By Alexander Smith
The chances of finding Flight 370’s black box recorder will drop dramatically if it is not found before its batteries run out – and that could be as early as next week, according to experts.
The flight data recorder – named “black box recorder” despite being painted orange – could have as little as one week’s battery life left before it stops emitting signals that can be detected by equipment dragged by ships on the surface.
If this technology fails to find the device, rescuers will be forced to begin the even more laborious task of scanning the sea floor to look for man-made shapes, a process every bit as daunting as it sounds.
“Let’s just say that it would be very, very, difficult if it comes to that,” said Bruce Rodger, an aviation expert at the Los Angeles-based firm Aero Consulting Experts.
“It would be a monumental task. By far their best chance of finding the black box is while it is still sending out the pings.”
Black box recorders have a battery life of up to 30 days. Some experts say they can last for longer, but investigators know the point at which they will have to resort to plan B is fast approaching.
Specialist American equipment designed to listen for these pings arrived in Australia Wednesday and is due to reach the remote search area in the Indian Ocean by Friday.
After the pings stop transmitting, the only way to find the black box would be by using sonar equipment to build a map of the sea floor. This would then be analyzed for any sign of man-made objects.

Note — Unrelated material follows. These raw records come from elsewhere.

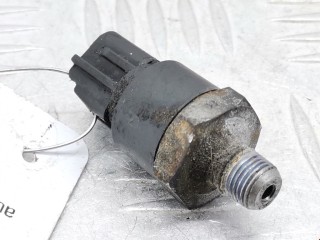 Датчик давления масла, ориг. номер 8353028010, Toyota Avensis 2006-2009
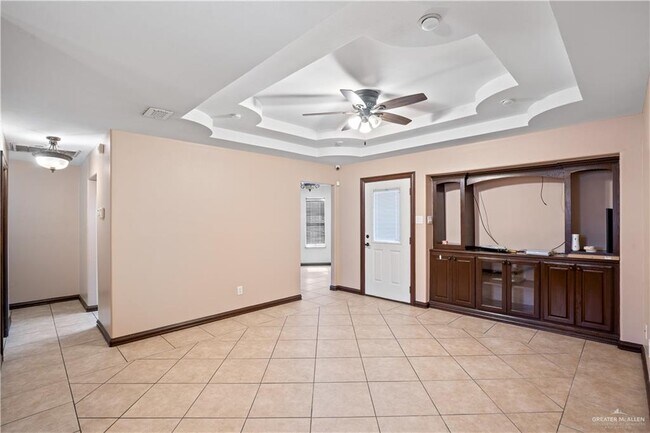 Building Photo - 20 Silverado Dr E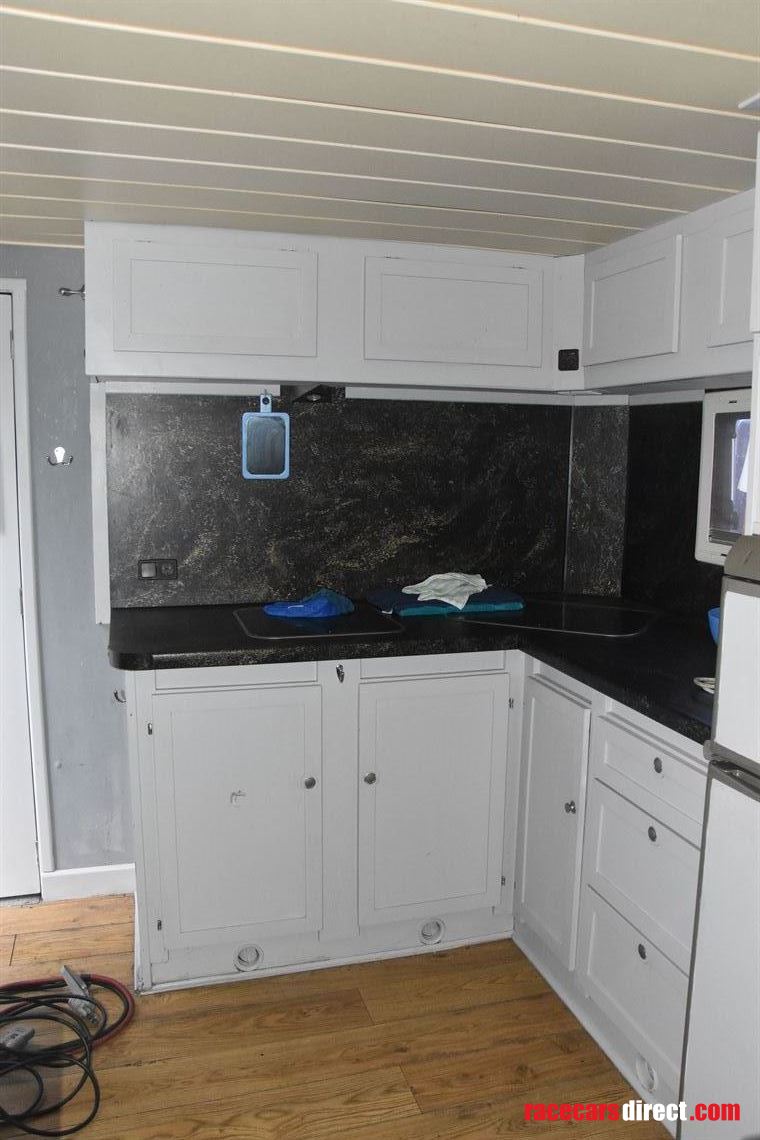 volvo-fh13-500-globetrotter-tractor-unit-2009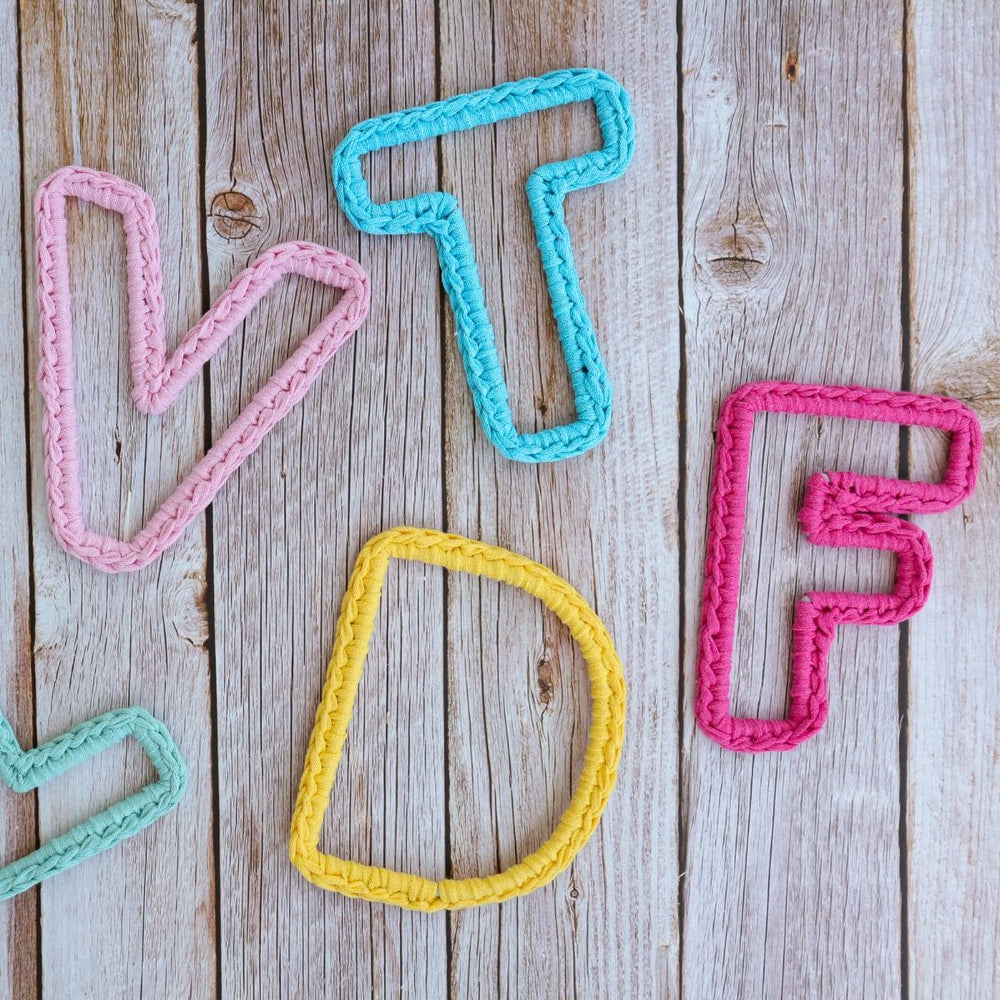 Letter frame S - Crochet frames 15 cm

To give an idea of how painstaking this task is, the same technique was used to find the black box of Air France Flight 447, which crashed in the Atlantic Ocean en route from Brazil to Paris in 2009.

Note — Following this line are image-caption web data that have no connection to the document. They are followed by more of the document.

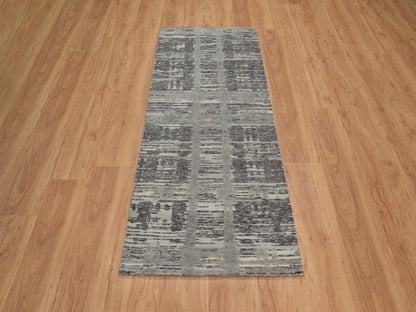 Modern / Contemporary hand-knotted wool runner in Gray, 2'5" x 6'2" — SKU O091813 (view 2)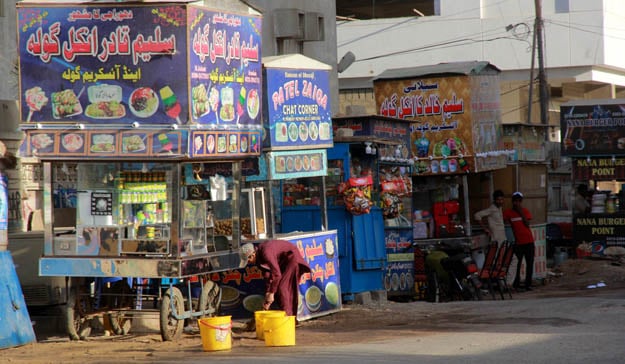 Ghazi Salahuddin Road in Dhoraji is famous for its many gola ganda vendors. As many as 40 vendors have set up carts there. PHOTO: ATHAR KHAN/EXPRESS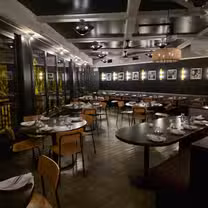 Una foto del restaurante Lillie Pearl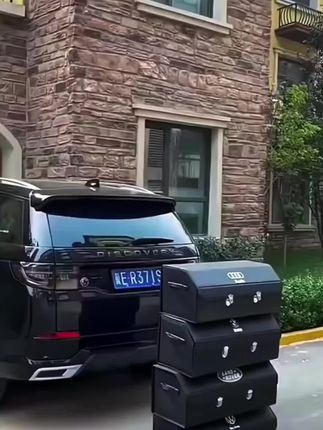 我买的车载收纳箱终于到了,它是这种可以折叠的,不用的时候放在车里也不占地方,展开后就是一个结实的箱子,还是大容量的,可以装很多东西,像平时车上要用的纸巾、水杯都可以放进去,拿取也很方便,有了它再也不用担心车里会乱糟糟的了,真的太实用了!
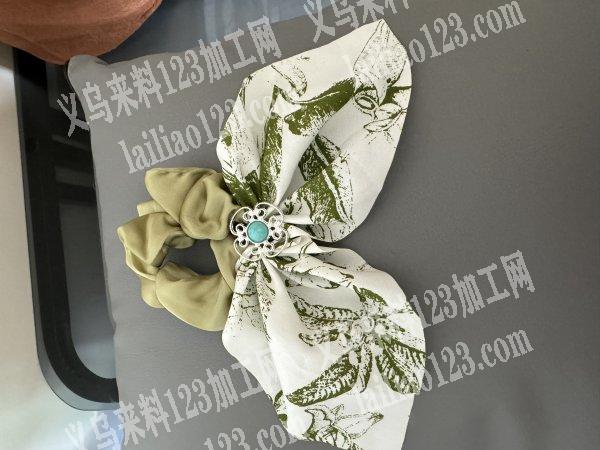 头绳上缝这个小配饰，义乌本地的可以拿回家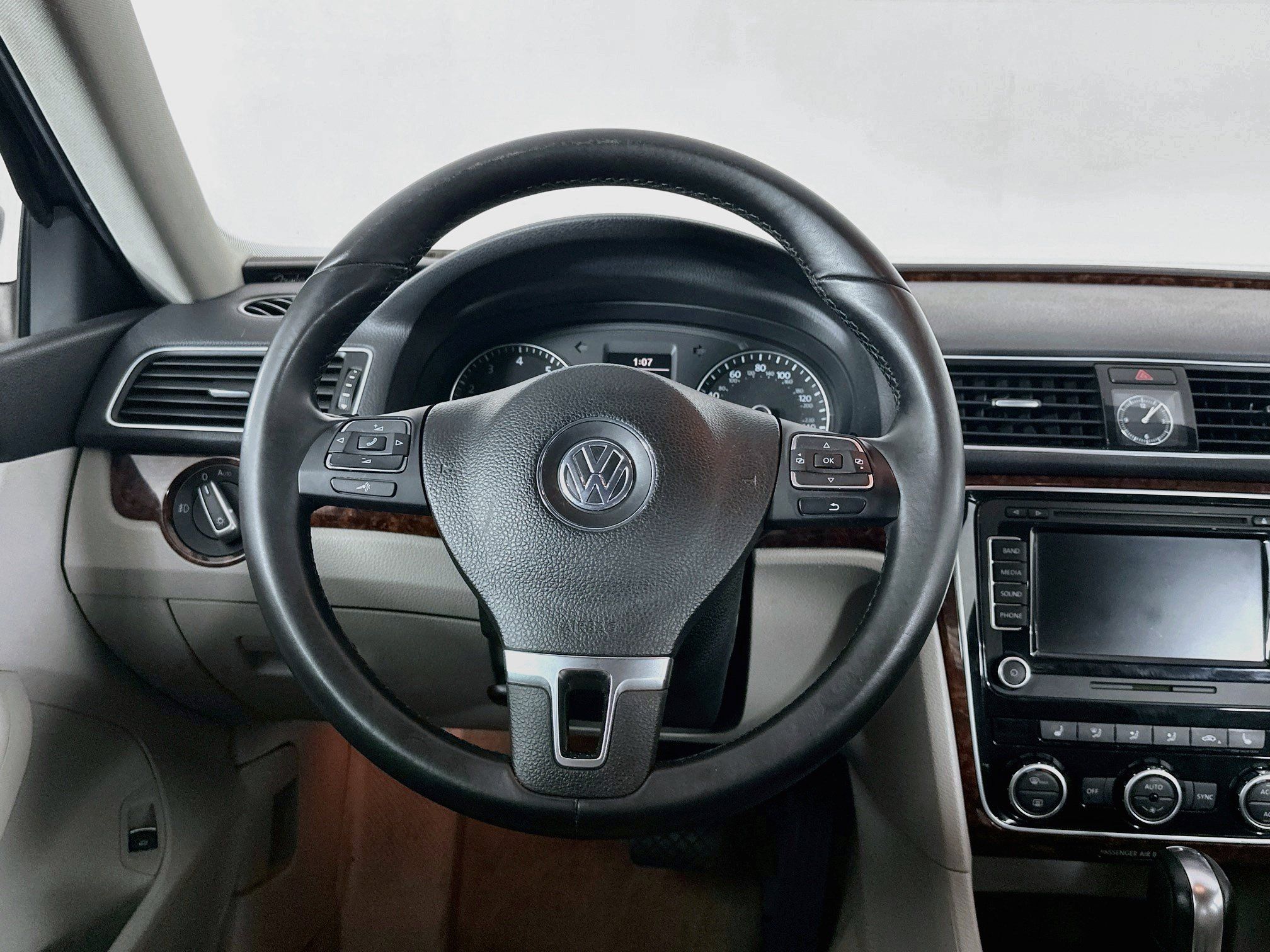 Used 2012 Volkswagen Passat 2.5 SEL Premium FWD image 17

Investigators knew far more about that flight than they do about the Malaysia Airlines 777: They found confirmed wreckage within two days of the plane going down, and the crash site was on the aircraft’s flight path, rather than thousands of miles off course.
But even so, they failed to find the black box until almost two years later and the operation cost around $40 million.

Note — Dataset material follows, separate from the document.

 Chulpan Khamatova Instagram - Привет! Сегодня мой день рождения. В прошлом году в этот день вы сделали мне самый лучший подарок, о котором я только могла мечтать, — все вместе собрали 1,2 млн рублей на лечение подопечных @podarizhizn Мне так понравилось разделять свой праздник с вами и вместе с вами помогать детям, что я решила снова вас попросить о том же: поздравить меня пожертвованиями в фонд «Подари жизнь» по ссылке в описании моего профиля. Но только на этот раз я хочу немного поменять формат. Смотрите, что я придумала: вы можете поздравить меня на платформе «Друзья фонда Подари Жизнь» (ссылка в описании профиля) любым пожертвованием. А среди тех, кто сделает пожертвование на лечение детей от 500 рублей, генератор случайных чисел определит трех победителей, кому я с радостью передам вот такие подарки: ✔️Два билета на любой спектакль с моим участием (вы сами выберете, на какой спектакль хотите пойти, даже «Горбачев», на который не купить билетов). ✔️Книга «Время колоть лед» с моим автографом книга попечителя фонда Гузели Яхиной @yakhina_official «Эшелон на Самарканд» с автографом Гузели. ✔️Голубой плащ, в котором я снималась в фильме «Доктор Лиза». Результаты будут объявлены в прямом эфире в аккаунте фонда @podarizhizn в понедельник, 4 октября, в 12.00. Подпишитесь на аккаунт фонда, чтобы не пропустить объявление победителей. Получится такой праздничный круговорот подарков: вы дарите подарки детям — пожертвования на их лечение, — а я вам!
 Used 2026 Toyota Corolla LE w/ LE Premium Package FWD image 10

“In the Air France flight they used a sonar array towed by ships going back and forth, building a map of the sea floor,” Rodger said. “It’s kind of like mowing a really large lawn.”
The hunt for Flight 370 threatens to eclipse even this epic salvage mission.
Geoffrey Thomas, publisher of Airlineratings.com, told The Associated Press that this search is “the most complex, the most difficult in aviation history.”
“The weather in this part of the world is far more difficult than that experienced in the search for [Air France] 447,” he said.
And it is not just the weather – the search for Flight 370 contains far more variable unknowns.
“This is a much bigger area to start with. Then, we don’t know the airspeed, the trajectory it hit the water, whether it glided after running out of fuel, and that’s before we consider wind drift or ocean currents,” he said.
Furthermore, if the jet impacted at high speed it could have broken “into a thousand pieces,” Rodger added, citing a the example of Swissair Flight 111 that crashed after a fire off Nova Scotia in 1998.
The New York-to-Geneva flight struck the ocean at an estimated 355 mph and with a force of 350g, far more than any human has ever survived. This caused the aircraft to completely disintegrate on impact, with most of the pieces immediately sinking to the bottom.
In this case, however, a Canadian submarine found the black box’s locator pings within two weeks because the jet crashed in far shallower water, a depth of about 180 feet according to a report by the Transport Safety Board of Canada.
The Associated Press contributed to this report.